- **Material for the task**:
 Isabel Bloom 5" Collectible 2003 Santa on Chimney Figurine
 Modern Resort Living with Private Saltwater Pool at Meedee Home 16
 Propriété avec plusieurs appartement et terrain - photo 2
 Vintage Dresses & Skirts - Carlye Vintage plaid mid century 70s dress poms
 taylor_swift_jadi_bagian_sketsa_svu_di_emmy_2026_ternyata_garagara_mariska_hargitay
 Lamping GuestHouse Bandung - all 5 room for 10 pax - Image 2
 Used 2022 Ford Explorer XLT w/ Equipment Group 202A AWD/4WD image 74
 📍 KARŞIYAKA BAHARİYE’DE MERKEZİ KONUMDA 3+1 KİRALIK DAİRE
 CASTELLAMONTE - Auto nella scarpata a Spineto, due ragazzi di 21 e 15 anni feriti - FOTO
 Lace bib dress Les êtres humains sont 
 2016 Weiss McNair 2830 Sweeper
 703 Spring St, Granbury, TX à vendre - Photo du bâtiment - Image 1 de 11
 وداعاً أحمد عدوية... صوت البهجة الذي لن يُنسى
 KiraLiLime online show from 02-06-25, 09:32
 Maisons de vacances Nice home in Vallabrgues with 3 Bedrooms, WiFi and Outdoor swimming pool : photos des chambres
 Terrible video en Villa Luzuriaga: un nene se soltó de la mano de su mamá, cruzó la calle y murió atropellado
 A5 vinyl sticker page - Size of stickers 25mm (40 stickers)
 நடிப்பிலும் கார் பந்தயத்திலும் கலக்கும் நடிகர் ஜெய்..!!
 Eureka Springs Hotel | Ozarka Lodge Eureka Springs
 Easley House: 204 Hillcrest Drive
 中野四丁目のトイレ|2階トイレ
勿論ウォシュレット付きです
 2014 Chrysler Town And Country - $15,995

- **Task statement**: Beginning with the line that contains "2016 Weiss McNair 2830 Sweeper", return every line through the end of the data above, exactly as written.

- **Task output**:
 2016 Weiss McNair 2830 Sweeper
 703 Spring St, Granbury, TX à vendre - Photo du bâtiment - Image 1 de 11
 وداعاً أحمد عدوية... صوت البهجة الذي لن يُنسى
 KiraLiLime online show from 02-06-25, 09:32
 Maisons de vacances Nice home in Vallabrgues with 3 Bedrooms, WiFi and Outdoor swimming pool : photos des chambres
 Terrible video en Villa Luzuriaga: un nene se soltó de la mano de su mamá, cruzó la calle y murió atropellado
 A5 vinyl sticker page - Size of stickers 25mm (40 stickers)
 நடிப்பிலும் கார் பந்தயத்திலும் கலக்கும் நடிகர் ஜெய்..!!
 Eureka Springs Hotel | Ozarka Lodge Eureka Springs
 Easley House: 204 Hillcrest Drive
 中野四丁目のトイレ|2階トイレ
勿論ウォシュレット付きです
 2014 Chrysler Town And Country - $15,995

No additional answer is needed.